Antes de seguir adiante, clique aqui para saber mais a respeito do biocombustível em conteúdo da Raízen.
Agora vamos lá: apesar de tantos prós, ele tem nós. Um deles é a tecnologia de produção, bem mais complexa que a necessária para o etanol convencional.
Além disso, tem o custo de produção. Ele é alto, bem alto, e, assim, segue um produto que todos desejam, mas que poucos fabricam.
Demanda disputada
A pioneira em E2G é a GranBio: sua planta, denominada Bioflex, começou a operar em 2017 em São Miguel (AL). Leia mais aqui.
Já outro dos fabricantes é a Raízen, joint-venture entre Shell e Cosan. Ela possui duas plantas em produção e mais duas estão previstas para entrar em operação até 2024 (leia aqui).
Ao todo, elas deverão entregar 280 milhões de litros por ano.
Mercado comprador não falta. Conforme a empresa, 80% da capacidade das plantas já foram comercializados em contratos de longo prazo.

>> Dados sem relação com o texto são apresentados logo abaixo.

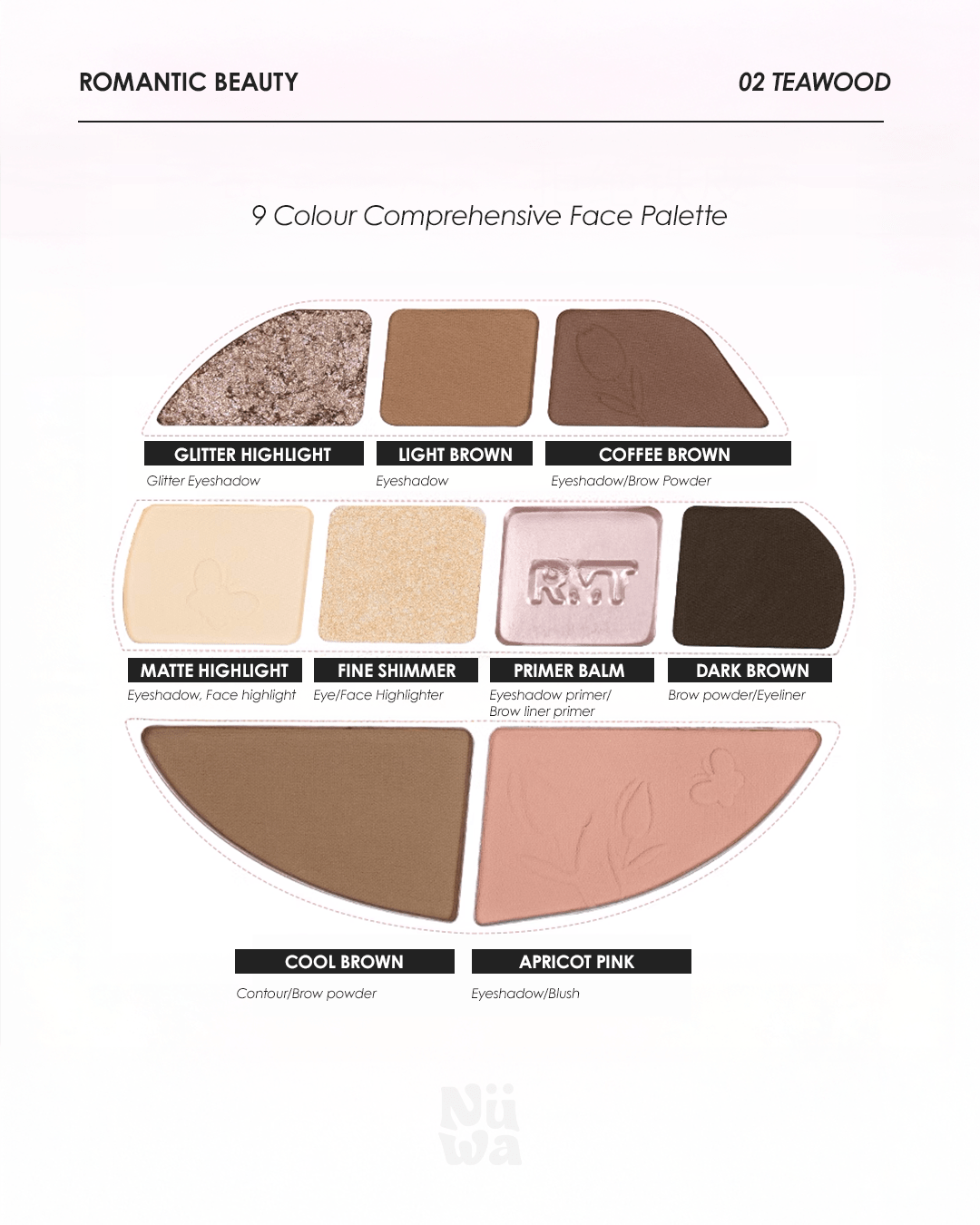 Floral Comprehensive Makeup Palette 02 Teawood - Nüwa BeautyRomantic Beauty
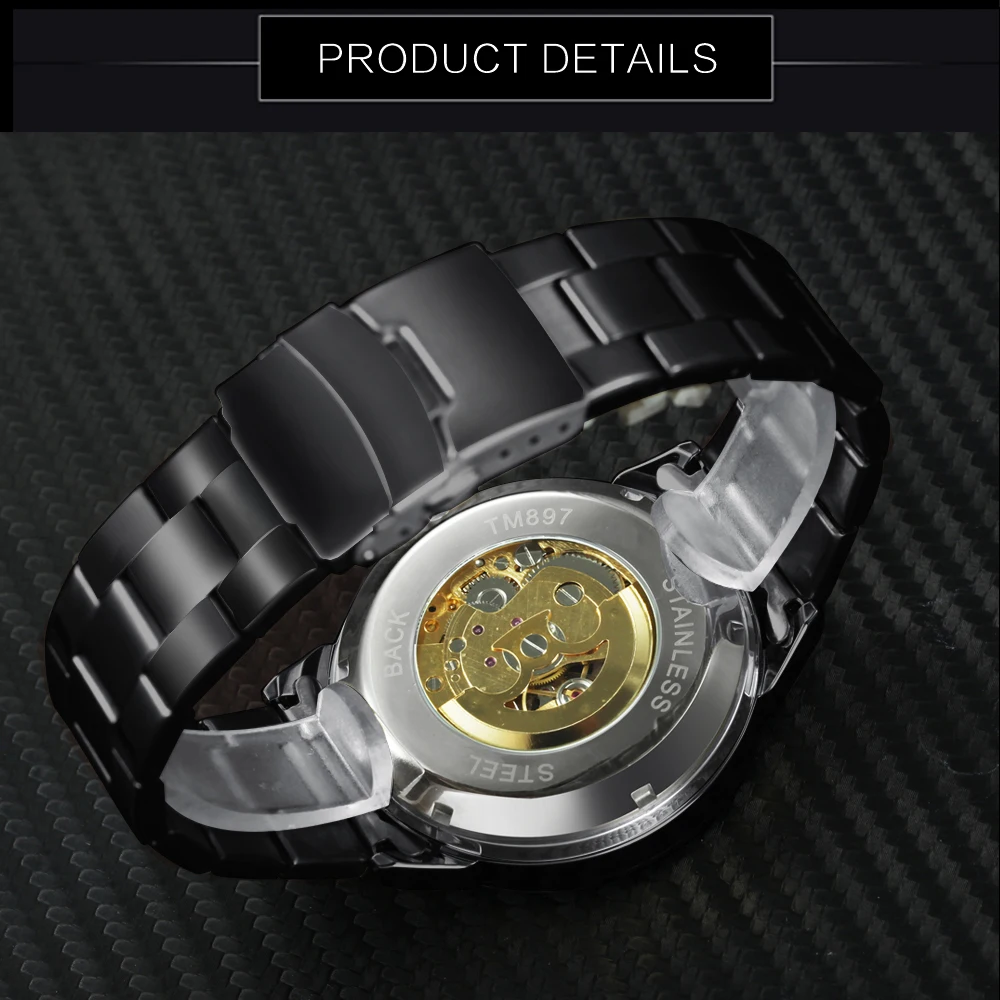 WINNER официальный люксовый бренд автоматические часы черный ремешок из нержавеющей стали золотой скелет часы для мужчин механические наручные часы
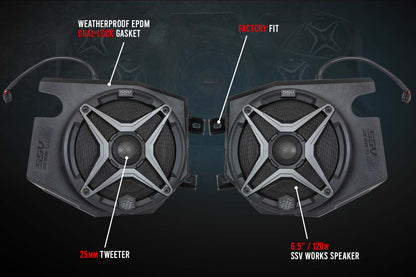 SSV Works 2014-2024 Polaris RZR Front Kick 6.5" Speaker Pods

Vale destacar que os estimados 280 milhões de litros equivalem a pouco mais de 10% do biocombustível convencional fabricado a cada doze meses no país.
Descoberta favorece maior produção
Contudo, esse percentual tende a subir proximamente graças a uma descoberta já finalizada por pesquisadores brasileiros.
Eles integram o Laboratório de Bioquímica de Plantas da Universidade Estadual de Maringá (Bioplan-UEM) e do Laboratório de Fisiologia Ecológica da USP (Lafieco-USP) e conseguiram aumentar em até 120% a sacarificação do bagaço da cana ao longo de 12 meses.
Isso resulta da aplicação de compostos naturais à planta - um deles à base de ácido metilenodioxicinâmico (MDCA), outro com ácido piperolínico (PIP) e um terceiro que leva daidzina (DZN).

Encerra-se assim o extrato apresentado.